What is the solution? There are plenty of days when I feel
that it would be easier to withdraw from every relationship until I am healthy
enough to set my boundaries and hold to them. Then I wonder if I will ever be
that healthy. Will it simply be that I hold firm until I am faced by the
challenge of someone else’s needs? In the face of someone else’s desire will I
just collapse into the old habit of saying, “Do whatever you want, it doesn’t
matter”? There is a part of me that knows that withdrawal is not the answer and
that I don’t want to be alone for the rest of my life. Another part of me is so
damned tired of the struggle to maintain my sense of self that it frankly doesn’t
care if I have relationships or not. That part of me says it’s better to be
alone than to feel used, hurt, and resentful. For a long time I seemed to be
divided this way, with two modes of thought and no way to choose between them.
But lately, as I’ve been working to heal, there is another way of thinking that
is emerging. This other part of me recognizes that I have the right and the
power to determine what goes on in my life, and if someone else’s behaviors are
unacceptable then I do not have to accept them. I can draw a clear boundary
that says, “You have the right to choose what you do, and I have the right to
choose what I will tolerate. I will not tolerate this behavior.” This feels
healthy to me, and yet it also frightens me terribly.
The fear stems from several sources, but the strongest is
the abusive relationship I was in two years ago. In the beginning, my partner
often said that he appreciated my independence and my desire for autonomy.

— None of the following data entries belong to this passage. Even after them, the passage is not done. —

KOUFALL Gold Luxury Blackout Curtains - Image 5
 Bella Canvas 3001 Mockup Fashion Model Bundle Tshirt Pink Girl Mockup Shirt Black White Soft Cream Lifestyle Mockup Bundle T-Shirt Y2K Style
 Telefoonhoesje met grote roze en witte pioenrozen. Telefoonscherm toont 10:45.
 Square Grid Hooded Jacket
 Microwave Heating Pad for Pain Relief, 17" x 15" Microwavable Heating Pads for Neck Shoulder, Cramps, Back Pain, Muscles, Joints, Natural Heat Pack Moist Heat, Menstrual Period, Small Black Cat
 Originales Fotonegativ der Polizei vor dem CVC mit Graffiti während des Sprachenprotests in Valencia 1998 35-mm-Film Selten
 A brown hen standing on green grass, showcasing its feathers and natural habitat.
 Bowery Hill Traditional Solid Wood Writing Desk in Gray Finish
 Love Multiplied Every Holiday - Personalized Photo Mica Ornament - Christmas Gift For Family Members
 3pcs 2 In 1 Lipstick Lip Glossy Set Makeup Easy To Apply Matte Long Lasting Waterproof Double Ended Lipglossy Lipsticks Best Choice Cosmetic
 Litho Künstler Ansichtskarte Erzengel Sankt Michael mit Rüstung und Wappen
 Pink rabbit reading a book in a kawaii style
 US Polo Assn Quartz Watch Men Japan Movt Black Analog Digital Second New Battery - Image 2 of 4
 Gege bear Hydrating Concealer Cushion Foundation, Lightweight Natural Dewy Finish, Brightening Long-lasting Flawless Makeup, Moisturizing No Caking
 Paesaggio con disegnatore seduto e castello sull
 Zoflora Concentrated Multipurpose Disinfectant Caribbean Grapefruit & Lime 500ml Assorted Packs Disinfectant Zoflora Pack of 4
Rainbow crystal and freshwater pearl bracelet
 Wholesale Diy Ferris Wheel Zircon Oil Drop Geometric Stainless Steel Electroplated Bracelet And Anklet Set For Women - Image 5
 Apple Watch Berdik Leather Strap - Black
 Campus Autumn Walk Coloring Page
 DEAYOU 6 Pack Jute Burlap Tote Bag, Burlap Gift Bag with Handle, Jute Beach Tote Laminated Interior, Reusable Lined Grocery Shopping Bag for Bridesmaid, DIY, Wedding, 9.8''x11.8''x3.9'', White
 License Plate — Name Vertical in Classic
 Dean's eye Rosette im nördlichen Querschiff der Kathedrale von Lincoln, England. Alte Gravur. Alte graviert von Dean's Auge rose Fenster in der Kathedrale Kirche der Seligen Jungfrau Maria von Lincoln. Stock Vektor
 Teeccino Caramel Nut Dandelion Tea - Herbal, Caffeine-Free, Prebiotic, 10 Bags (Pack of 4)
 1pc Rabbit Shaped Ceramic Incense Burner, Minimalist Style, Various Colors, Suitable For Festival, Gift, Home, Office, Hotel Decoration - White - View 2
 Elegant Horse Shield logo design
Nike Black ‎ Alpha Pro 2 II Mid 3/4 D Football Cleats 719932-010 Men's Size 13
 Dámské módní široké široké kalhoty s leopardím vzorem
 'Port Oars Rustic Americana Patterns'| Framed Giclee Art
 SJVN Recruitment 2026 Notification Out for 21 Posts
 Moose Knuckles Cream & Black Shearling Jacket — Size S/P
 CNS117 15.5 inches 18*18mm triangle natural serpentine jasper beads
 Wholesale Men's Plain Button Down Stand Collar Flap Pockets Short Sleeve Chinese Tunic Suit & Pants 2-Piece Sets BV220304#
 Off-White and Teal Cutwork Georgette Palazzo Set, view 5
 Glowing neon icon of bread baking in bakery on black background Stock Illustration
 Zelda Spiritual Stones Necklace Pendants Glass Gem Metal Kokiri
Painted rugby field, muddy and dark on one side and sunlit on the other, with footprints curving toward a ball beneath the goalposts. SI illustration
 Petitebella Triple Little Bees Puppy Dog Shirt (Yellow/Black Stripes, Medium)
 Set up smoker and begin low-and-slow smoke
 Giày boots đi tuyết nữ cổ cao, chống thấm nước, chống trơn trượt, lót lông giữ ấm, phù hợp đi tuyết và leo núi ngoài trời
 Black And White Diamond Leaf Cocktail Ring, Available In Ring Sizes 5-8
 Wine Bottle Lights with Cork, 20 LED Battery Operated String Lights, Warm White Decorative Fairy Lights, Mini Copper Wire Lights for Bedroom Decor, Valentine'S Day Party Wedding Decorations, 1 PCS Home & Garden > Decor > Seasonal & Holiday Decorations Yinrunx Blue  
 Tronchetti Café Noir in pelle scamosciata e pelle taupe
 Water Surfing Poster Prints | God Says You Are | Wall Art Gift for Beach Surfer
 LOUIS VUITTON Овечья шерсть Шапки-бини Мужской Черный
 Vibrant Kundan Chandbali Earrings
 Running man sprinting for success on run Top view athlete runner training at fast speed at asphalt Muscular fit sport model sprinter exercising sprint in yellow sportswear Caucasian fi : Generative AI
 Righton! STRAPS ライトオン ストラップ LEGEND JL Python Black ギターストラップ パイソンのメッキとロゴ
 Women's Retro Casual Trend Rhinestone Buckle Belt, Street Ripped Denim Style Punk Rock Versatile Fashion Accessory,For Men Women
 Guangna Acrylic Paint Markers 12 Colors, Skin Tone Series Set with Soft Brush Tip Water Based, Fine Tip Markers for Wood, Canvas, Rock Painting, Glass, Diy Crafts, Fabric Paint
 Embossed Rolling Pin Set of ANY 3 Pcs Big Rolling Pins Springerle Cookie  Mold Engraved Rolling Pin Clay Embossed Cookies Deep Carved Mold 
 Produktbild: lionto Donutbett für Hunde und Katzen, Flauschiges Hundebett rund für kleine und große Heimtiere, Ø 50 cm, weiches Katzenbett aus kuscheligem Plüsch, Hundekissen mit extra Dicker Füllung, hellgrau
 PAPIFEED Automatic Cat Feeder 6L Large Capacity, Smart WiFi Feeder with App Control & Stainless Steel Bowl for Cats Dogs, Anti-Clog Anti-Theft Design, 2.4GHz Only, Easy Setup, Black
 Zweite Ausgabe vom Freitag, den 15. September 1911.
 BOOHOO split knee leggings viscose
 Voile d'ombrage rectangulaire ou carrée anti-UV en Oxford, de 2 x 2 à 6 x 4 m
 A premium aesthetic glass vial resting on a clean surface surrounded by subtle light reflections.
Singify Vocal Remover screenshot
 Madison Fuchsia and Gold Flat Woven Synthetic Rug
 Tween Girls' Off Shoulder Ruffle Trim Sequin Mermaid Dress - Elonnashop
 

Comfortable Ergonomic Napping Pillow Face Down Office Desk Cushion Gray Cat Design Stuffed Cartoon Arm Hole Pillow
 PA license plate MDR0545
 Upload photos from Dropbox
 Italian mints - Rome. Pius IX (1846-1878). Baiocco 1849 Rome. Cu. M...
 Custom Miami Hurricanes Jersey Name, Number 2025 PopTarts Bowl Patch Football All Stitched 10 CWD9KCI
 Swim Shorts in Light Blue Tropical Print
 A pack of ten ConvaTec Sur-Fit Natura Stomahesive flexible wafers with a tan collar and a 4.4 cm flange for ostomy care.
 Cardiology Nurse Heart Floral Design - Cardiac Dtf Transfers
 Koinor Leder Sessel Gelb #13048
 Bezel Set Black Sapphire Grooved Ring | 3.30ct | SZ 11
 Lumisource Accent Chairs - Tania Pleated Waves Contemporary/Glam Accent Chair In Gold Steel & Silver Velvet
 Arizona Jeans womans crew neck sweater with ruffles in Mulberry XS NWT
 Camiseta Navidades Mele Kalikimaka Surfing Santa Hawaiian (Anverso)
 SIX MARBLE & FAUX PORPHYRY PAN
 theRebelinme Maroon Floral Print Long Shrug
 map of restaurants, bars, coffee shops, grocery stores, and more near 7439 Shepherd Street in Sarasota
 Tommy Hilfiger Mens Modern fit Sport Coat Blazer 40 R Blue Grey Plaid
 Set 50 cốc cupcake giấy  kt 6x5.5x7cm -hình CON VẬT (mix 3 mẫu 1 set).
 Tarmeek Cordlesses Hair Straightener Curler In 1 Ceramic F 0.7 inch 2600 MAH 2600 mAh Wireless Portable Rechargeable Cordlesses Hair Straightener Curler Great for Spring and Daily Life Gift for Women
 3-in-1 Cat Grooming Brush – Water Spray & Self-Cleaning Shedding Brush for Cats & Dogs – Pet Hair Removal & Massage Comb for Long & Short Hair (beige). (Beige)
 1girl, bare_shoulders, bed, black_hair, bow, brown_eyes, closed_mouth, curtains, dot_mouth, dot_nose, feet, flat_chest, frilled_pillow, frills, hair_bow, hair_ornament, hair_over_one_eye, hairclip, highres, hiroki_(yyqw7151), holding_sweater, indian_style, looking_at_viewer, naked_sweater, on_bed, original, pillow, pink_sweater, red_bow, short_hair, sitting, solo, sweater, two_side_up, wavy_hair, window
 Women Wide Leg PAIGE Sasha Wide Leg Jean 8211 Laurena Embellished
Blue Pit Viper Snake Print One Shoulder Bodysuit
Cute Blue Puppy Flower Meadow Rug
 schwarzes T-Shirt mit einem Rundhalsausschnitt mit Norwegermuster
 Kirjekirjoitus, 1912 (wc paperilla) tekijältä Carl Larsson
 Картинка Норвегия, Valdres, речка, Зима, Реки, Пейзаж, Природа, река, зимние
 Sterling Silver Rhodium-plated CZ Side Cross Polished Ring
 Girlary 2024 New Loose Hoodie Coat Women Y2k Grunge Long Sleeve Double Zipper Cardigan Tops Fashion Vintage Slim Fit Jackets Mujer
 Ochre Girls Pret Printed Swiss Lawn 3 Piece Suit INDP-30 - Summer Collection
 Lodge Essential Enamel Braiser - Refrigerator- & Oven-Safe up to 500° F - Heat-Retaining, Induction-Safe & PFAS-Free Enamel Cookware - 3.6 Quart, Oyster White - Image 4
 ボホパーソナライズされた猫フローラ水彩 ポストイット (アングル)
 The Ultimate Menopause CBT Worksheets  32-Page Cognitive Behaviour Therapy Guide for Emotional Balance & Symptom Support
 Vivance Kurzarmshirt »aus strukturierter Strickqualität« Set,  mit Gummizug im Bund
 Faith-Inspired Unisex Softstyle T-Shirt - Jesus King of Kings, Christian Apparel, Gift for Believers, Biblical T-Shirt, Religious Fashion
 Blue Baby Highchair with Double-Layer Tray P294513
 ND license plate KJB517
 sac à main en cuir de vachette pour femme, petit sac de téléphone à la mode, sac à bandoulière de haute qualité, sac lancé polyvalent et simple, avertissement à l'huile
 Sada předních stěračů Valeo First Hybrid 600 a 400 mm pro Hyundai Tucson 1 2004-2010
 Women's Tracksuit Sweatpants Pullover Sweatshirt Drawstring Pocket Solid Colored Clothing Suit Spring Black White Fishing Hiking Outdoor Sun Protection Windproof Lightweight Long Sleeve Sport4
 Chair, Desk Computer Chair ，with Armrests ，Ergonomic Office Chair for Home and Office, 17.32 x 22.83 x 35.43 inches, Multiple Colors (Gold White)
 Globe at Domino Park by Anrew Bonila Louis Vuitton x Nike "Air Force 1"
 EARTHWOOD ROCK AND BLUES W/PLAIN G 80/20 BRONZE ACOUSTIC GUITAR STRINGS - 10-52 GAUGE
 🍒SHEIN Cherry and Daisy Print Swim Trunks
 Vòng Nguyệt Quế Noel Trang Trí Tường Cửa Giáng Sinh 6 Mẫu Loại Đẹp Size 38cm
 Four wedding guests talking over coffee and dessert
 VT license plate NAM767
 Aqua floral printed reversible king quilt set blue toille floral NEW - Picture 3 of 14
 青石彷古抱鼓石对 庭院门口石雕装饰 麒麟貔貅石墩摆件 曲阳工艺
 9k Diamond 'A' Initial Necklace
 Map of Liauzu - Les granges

Later on, he told me I had no rights in our relationship and that I was the
most selfish person he had ever known. When I did try to assert myself in that
relationship, the emotional abuse was immediate and horrific – diatribes and
alcohol-fueled rants lasted for hours and at the end of the eight months I
spent with him, the screaming sessions were interspersed with physical and
sexual assaults. Now when I even think about saying “I choose not to tolerate
this” my heart races and I tremble all over. Panic attacks and flashbacks
threaten and in order to keep peace, I end up saying nothing at all. This is a
kind of self-protection that is detrimental because it leaves me in anxiety
over the things that I did not have the courage to change.
Nearly everyone is familiar with the Serenity Prayer and how
it asks for the courage to change what can be changed along with the serenity
to accept what cannot be altered. I know that I can't change what others choose to do - they are free to exercise their will in their own lives. Their choices are their own, just as my responses are mine to determine. Where they are unhealthy I must change them – now I just need to find the courage to do it.